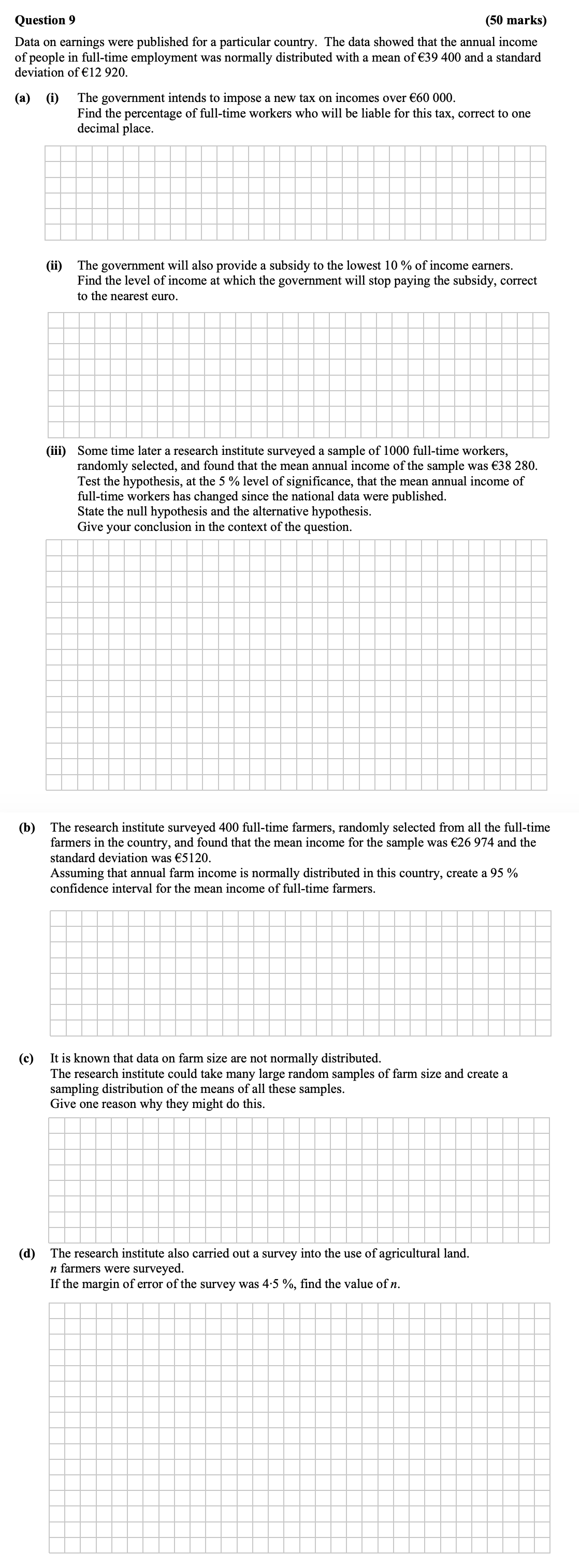 Data-on-earnings-were-published-for-a-particular-country-Leaving Cert Mathematics-Question 9-2016.png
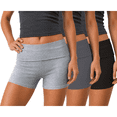 thumbnail image 1 of Sweet Hearts 3-Pack Womens Shorts- Foldover Biker Shorts for Women High Waisted Black Shorts Casual Summer Womens Clothes Plus Size, 1 of 6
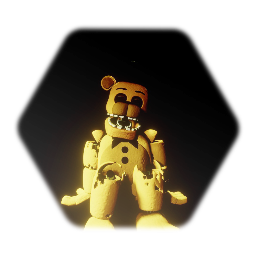Withered golden freddy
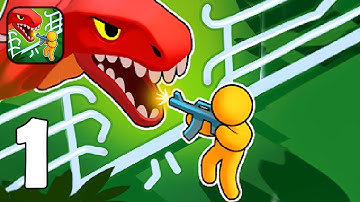 Dino Fighter: Jurassic Escape - Part 1 Stick Park Dino Army Commander - Gameplay Walkthrough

==================================================

> _Requirement_
All of the listing above must be output exactly, except for its pictures.

> _Solution for this task_
 Data-on-earnings-were-published-for-a-particular-country-Leaving Cert Mathematics-Question 9-2016.png
 thumbnail image 1 of Sweet Hearts 3-Pack Womens Shorts- Foldover Biker Shorts for Women High Waisted Black Shorts Casual Summer Womens Clothes Plus Size, 1 of 6
Withered golden freddy
 Dino Fighter: Jurassic Escape - Part 1 Stick Park Dino Army Commander - Gameplay Walkthrough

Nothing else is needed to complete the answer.